I retract the “ALL” and “impossible” part of my statement, assuming that the Babylonians astronomers did indeed believe the Earth was flat. The Saros Cycle was based on timing. I was correct that their accuracy was not perfect and they couldn’t predict the path.
I believe that Babylonians COULD have tracked eclipses using the Saros cycle ... IF they had more data, readings/observations from different places, since their predictions of eclipses were for those that they could see.
In any case, the bottom line is that if you have enough data and do enough math, you can calculate any kind of recurring, periodic movements, even if from different coordinate systems.
You had Tycho Brahe with his geocentric-based Tychonic circles, and most planetarium software is actually geocentric.

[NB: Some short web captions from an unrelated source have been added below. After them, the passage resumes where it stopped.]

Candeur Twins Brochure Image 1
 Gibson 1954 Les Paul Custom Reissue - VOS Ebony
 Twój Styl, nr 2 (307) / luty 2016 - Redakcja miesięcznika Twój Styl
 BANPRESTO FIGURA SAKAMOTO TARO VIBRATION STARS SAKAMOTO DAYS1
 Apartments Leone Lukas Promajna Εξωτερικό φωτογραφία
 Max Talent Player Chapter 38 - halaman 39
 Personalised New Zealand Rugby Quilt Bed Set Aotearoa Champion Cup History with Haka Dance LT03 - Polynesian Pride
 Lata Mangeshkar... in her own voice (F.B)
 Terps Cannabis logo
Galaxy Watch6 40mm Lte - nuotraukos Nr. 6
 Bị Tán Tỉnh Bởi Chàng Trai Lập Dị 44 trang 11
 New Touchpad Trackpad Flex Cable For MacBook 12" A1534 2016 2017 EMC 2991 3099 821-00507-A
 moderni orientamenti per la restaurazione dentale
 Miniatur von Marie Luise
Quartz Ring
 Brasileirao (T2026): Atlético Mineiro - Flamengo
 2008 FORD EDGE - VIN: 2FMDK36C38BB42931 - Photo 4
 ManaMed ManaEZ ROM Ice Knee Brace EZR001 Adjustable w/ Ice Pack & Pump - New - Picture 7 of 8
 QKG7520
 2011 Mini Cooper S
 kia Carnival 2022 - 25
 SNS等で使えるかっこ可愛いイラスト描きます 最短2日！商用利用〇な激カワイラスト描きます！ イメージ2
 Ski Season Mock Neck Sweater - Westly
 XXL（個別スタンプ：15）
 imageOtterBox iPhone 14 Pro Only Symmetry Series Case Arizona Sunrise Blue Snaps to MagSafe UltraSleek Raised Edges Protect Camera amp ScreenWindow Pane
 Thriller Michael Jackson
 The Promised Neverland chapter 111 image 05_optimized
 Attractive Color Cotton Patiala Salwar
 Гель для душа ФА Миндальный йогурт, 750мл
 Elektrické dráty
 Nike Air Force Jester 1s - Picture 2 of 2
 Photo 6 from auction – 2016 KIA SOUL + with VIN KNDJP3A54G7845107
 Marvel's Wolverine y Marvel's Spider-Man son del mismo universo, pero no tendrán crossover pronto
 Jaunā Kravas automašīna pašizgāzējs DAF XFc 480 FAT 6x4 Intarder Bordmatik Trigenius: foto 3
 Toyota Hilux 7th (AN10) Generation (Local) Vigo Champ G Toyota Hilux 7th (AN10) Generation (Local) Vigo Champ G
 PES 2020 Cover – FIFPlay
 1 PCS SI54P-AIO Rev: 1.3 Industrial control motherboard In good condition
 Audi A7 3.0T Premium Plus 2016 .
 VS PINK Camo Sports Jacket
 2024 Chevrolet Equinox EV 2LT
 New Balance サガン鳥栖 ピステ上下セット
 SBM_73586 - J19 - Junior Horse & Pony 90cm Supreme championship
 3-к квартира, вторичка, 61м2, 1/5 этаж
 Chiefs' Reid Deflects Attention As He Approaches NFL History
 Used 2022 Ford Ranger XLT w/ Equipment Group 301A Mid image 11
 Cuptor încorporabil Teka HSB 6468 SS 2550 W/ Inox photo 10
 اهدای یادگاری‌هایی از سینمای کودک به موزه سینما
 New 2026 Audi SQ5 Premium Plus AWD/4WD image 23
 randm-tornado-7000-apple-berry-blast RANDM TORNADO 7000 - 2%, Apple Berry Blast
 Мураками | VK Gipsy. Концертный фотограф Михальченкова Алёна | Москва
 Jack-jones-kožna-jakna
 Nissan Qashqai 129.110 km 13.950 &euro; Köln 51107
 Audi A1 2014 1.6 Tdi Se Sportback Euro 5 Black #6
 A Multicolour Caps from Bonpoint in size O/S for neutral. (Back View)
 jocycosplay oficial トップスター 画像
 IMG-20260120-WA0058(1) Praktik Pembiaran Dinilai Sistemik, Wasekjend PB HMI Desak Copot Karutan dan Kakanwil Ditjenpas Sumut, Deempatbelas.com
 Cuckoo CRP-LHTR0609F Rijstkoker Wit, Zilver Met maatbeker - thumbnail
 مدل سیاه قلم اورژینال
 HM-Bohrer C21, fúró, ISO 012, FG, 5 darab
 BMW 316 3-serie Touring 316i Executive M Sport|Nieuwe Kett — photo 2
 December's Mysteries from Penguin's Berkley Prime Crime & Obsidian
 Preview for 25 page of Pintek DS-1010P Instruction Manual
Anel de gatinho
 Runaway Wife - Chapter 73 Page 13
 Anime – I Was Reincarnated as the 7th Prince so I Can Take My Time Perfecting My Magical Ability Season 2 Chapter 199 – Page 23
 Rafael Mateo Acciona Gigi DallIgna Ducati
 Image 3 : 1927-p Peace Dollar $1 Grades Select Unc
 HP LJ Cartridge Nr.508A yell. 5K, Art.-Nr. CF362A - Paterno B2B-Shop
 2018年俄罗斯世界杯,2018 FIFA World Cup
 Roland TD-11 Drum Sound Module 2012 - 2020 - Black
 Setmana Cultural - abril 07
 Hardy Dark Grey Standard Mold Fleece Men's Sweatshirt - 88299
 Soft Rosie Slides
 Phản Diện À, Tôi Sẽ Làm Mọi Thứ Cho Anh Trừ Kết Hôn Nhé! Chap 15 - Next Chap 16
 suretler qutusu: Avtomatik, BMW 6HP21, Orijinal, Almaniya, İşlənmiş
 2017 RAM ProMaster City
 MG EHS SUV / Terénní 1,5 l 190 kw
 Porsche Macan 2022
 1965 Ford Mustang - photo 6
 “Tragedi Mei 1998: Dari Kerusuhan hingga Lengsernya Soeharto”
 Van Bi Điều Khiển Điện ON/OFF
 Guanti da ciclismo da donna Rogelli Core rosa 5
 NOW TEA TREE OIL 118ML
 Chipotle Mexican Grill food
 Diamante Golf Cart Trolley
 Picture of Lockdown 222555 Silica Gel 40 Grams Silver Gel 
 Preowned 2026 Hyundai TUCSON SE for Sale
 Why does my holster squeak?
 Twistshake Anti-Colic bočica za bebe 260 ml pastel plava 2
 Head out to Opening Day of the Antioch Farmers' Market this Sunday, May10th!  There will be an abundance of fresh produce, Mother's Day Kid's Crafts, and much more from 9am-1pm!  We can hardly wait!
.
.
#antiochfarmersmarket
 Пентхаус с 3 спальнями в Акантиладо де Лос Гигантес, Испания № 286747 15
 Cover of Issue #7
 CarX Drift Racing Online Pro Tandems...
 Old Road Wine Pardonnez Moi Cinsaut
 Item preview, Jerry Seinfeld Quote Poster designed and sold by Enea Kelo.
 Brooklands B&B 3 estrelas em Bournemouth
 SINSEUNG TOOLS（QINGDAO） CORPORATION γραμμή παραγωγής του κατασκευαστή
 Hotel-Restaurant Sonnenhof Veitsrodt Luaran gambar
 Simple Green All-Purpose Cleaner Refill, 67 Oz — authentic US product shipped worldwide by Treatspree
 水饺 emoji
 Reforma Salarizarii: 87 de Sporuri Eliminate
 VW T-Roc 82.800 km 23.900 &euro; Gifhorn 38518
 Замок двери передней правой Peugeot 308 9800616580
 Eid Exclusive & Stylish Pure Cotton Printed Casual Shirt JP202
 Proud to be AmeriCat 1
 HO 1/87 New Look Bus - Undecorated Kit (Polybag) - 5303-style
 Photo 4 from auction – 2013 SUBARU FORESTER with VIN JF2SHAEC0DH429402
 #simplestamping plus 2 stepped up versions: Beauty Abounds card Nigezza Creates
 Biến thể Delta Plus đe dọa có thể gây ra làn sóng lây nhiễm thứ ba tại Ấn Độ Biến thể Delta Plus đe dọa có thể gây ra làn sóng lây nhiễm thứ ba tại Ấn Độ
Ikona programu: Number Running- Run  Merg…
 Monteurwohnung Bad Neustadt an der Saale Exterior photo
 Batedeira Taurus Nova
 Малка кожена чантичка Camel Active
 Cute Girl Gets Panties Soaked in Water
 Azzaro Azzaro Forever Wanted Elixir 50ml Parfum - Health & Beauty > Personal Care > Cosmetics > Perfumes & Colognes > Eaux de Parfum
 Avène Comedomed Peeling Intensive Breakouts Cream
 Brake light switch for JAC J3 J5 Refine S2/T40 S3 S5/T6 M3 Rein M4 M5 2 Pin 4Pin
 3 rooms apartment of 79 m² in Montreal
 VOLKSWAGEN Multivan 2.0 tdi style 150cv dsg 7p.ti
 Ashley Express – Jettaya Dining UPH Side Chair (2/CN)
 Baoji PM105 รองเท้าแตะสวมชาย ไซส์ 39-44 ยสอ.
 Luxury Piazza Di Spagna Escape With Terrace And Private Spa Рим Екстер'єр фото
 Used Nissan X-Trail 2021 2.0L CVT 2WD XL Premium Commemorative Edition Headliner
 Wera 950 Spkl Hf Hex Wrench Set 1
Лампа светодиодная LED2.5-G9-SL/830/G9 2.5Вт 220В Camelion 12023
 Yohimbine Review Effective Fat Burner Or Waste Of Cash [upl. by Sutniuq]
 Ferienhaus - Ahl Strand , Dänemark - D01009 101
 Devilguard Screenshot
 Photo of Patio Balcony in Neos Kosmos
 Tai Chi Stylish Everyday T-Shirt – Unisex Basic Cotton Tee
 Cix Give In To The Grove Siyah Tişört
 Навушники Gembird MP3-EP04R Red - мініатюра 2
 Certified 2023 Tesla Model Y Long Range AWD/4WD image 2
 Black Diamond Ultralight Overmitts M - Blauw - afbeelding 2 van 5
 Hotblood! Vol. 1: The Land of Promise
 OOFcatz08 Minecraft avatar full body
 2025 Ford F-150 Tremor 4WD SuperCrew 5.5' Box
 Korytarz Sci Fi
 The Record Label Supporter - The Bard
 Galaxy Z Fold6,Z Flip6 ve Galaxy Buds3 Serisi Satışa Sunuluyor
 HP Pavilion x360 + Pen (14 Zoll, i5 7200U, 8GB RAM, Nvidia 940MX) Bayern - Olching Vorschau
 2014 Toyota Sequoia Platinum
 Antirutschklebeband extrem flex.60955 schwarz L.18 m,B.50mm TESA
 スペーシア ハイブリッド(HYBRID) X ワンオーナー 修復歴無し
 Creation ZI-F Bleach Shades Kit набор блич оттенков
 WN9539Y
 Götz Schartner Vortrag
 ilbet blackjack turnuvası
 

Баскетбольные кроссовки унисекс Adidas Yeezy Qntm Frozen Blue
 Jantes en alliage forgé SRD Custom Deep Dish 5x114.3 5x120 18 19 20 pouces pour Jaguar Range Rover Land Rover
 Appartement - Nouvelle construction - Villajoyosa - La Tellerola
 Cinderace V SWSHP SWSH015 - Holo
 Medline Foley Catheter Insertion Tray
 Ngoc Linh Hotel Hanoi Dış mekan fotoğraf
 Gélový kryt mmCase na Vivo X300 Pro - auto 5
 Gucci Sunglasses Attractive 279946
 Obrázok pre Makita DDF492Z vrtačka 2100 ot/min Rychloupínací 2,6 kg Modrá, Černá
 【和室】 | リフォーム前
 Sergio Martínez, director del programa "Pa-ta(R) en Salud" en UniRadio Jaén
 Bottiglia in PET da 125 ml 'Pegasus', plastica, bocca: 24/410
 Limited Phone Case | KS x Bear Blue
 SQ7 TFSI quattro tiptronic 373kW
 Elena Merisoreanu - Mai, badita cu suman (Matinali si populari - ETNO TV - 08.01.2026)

In the end it doesn't matter whether the sun and the moon are the same size (roughly, as many FE conceive of them) or whether the sun is four times as large and four times farther away (such as when Greek astronomers, who also predicted eclipses, consider it to be a million miles away) or 400 times as large and 400 times farther away, as those amount to the same thing.
If you have enough data points, e.g. readings / observations, and do enough math, you can predict anything that has a regular geometric / periodic / recurring movement.
There are some anomalies that are not fully explained with regard to modern science's claims about how eclipses happen, so their model is far from perfect either.